I felt I needed to do something really “important” with my life. I needed to produce some great work, or have the most amazing relationships, or achieve some heroic feat.
I believed that I needed to do something important in order to be worthy of existence. If I was worthy of existence, in turn, that meant that I would be loved. Love was something I had to earn.
But love is a felt experience. It encompasses mind & body. The experiences of receiving love & giving love, being loved vs loving, are very similar. Many people say they are seeking to be loved, but what they actually want to do is love. The good news is that is always available. There is always something to love, if you’re skilled enough.
The happy coincidence here is that loving well is the most important work you can do. The act of appreciation is a creative act, no matter what form it takes. If you orient towards love, you will create love, no matter what.
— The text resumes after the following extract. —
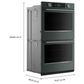 KitchenAid 2-Piece Kitchen Package with Juniper 30" Smart Double Wall Oven and Stainless Steel 30" Gas Cooktop, , large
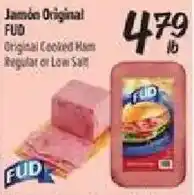 El Super Fud original cooked ham offer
It might not be on the most obvious scale, it might not have the most obvious impact, but it’s there.
Think of the love that a grandfather has for his granddaughter, which doesn’t manifest fully until years later, when she’s able to access a quiet confidence with herself, a knowing that someone loved her so deeply. Can you measure the impact of that kind of love? Maybe if you pay attention. But then an echo of that same love gets passed to her daughter, and her granddaughter, and so on. It unfolds over centuries. Is that not a great work?
Maybe that will be your highest achievement: an afternoon spent with your grandchildren. Or maybe your great work will be the love you pour into something you write, or something you paint. Or maybe your great work will be noticing a particular bird outside your window, taking a moment to observe it, and really seeing its beauty in a way that no one else in this world ever will. Is that not creating something? Is that not worthy?
Love creates love. There really is no way to know what your important work will be, but we can trust in that principle that if we are orienting towards love, we will create beauty. The easiest way to orient towards love is just to notice what’s around you and let it in. It’s not even an effortful act. It’s not a matter of doing. It’s just about letting the beauty in.
It’s actually impossible to avoid. As I’m writing the initial draft of this essay, I’m in my car staring out at the ocean and the sun is out and it’s glittering on the water and there’s a seagull bobbing on the surface. I could look at that sight forever. I could contemplate that forever. You could spend a hundred years staring at the way the light moves on the water and still not fully appreciate its beauty. The beauty is infinite.
In Dante’s Divine Comedy, in the highest circle of heaven, the angels are circling around God eternally, in an act of constant contemplation. Their whole existence is appreciation. Their whole existence is love. I don’t think there is any other way to live.
So let yourself do that. Notice the ways you were already doing that. Notice the ways you are already in love with the world. Let that love be the creative energy that carries you forward.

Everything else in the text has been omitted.